TASK DESCRIPTION. From the data below, repeat everything exactly except the images.

INFORMATION SHOWN.
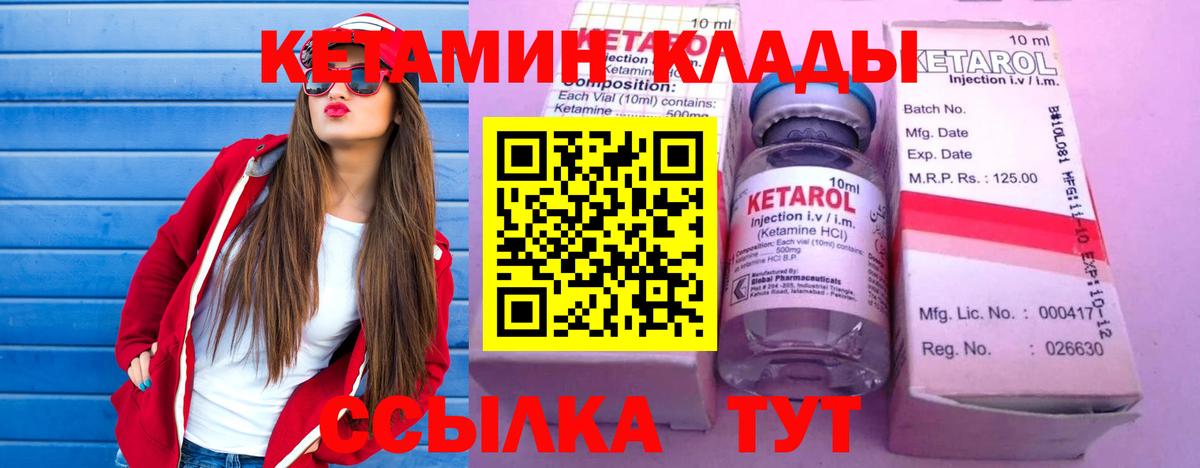 Казань  Кетамин VHQ  Вход с VPN 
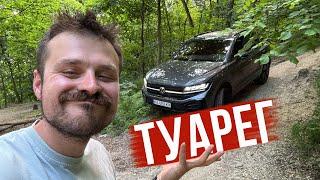 VW TOUAREG 2023  Намагаємося знайти НЕДОЛІКИ і чи дійсно це УЛЬТИМАТИВНЕ авто?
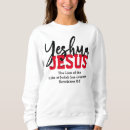 Search for yeshua clothing Jesus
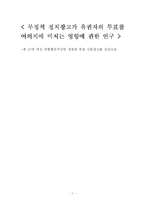 [정치광고] 부정적 정치광고가 유권자의 투표참여의지에 미치는 영향에 관한 연구-1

ANSWER TO THE EXERCISE.
 Казань  Кетамин VHQ  Вход с VPN 
 VW TOUAREG 2023  Намагаємося знайти НЕДОЛІКИ і чи дійсно це УЛЬТИМАТИВНЕ авто?
 Search for yeshua clothing Jesus
 [정치광고] 부정적 정치광고가 유권자의 투표참여의지에 미치는 영향에 관한 연구-1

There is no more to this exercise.